____ INPUT RECORDS

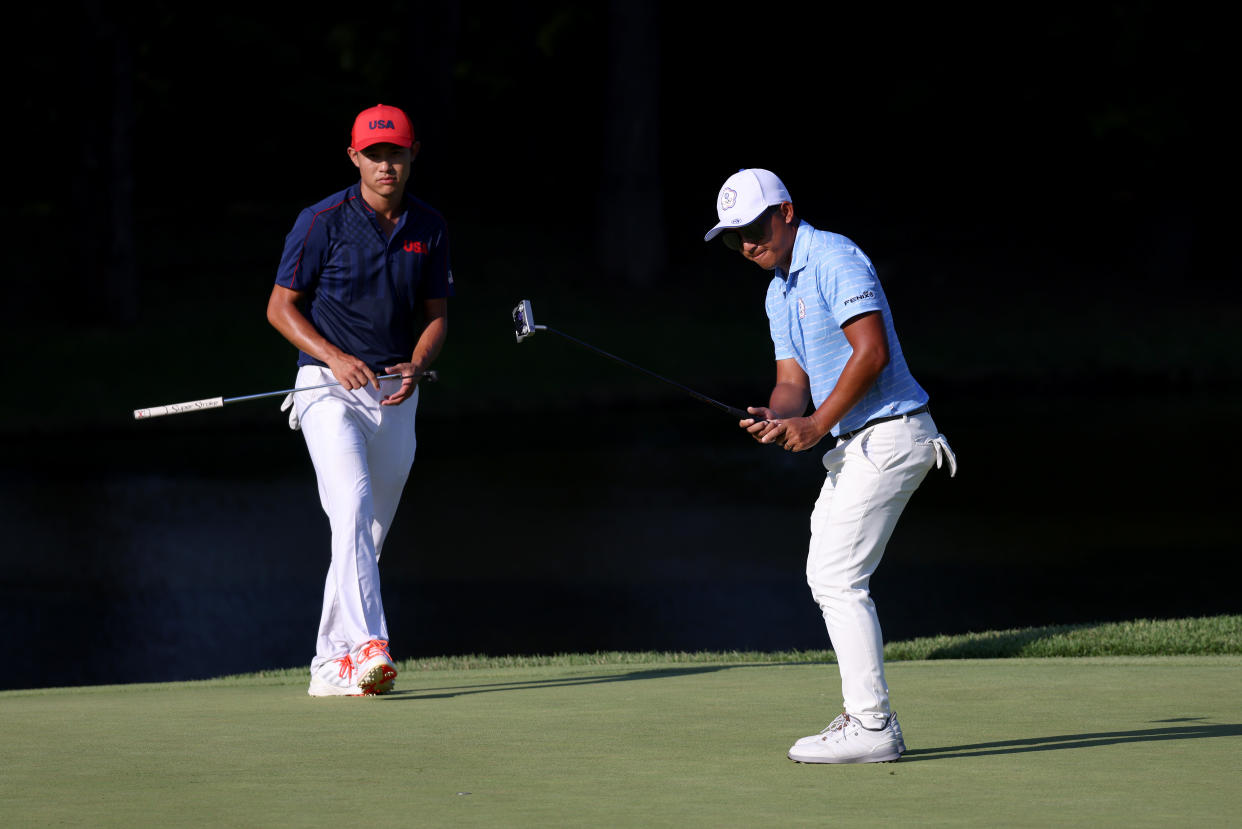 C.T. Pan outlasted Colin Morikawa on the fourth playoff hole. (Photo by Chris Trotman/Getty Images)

________
____ INPUT RECORDS

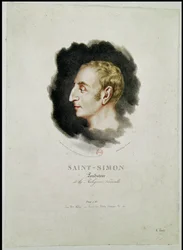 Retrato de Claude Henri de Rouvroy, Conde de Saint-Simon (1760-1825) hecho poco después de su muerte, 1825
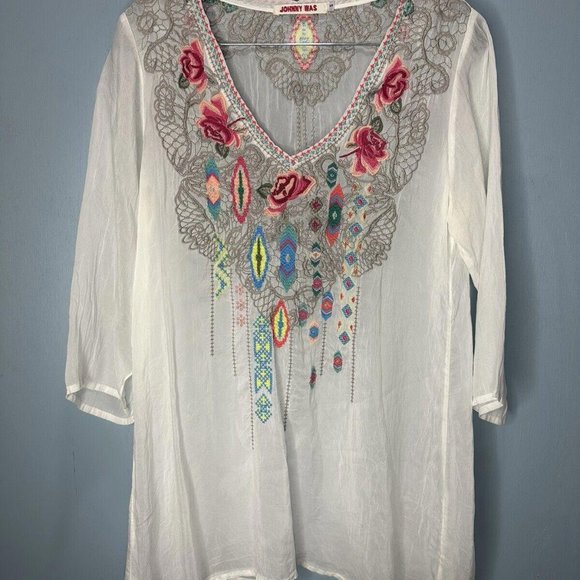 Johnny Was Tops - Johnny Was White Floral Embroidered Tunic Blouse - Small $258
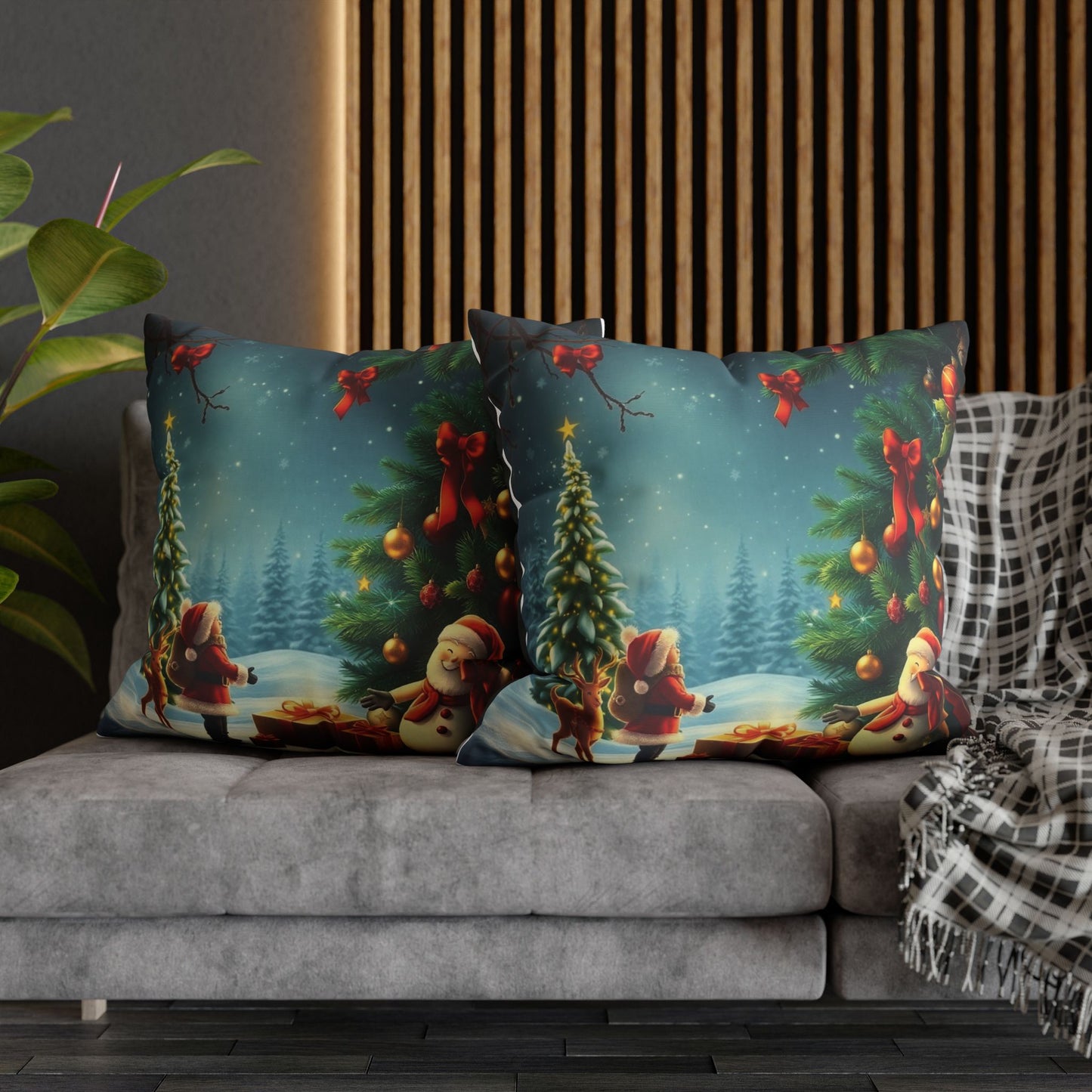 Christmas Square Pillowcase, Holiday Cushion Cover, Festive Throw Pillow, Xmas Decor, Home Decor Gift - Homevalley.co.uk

________
____ INPUT RECORDS

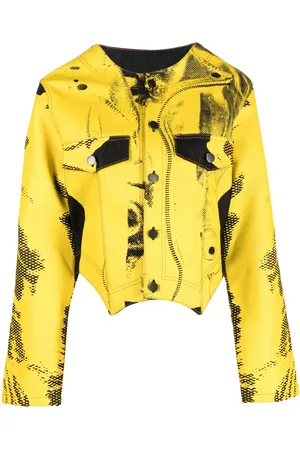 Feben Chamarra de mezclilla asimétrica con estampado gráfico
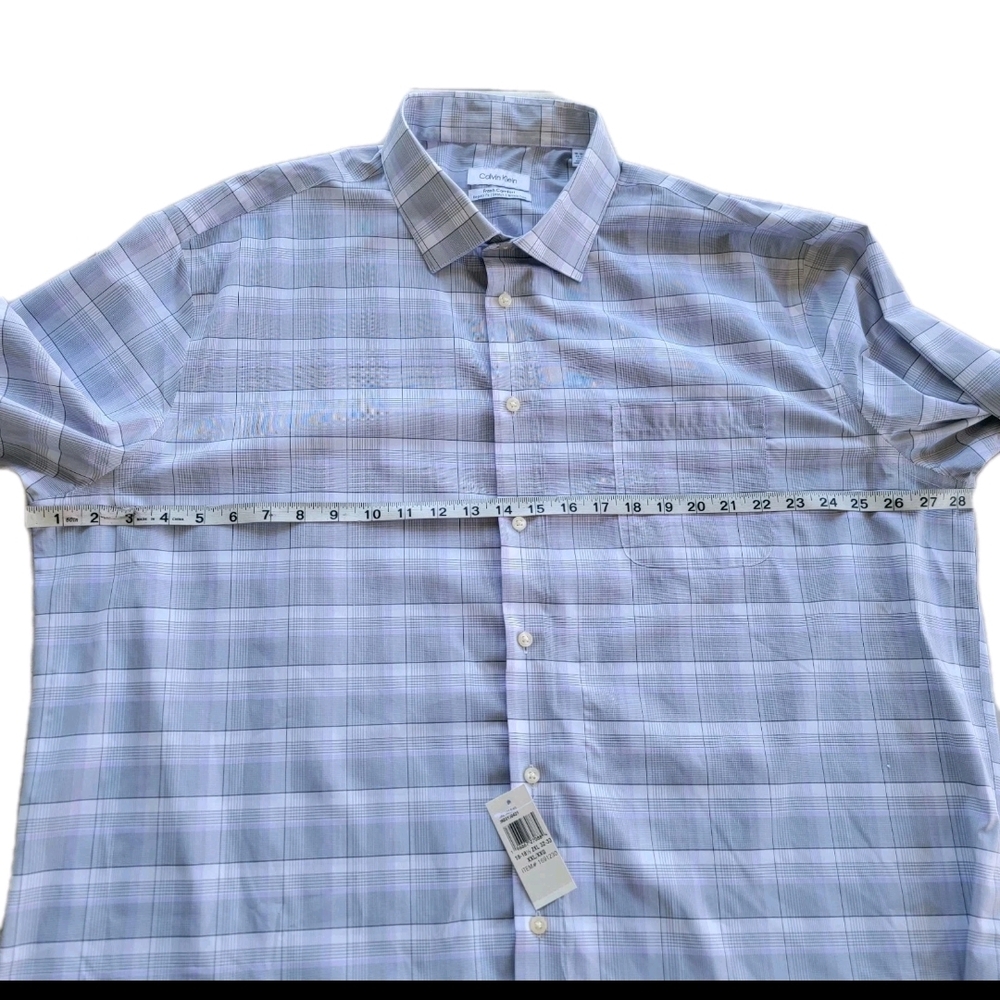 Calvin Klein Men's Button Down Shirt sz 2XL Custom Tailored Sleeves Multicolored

________

From the line holding "Feben Chamarra de" to the line holding "Calvin Klein Men's", both included, retype the entries above exactly and drop the pictures.

 Feben Chamarra de mezclilla asimétrica con estampado gráfico
 Calvin Klein Men's Button Down Shirt sz 2XL Custom Tailored Sleeves Multicolored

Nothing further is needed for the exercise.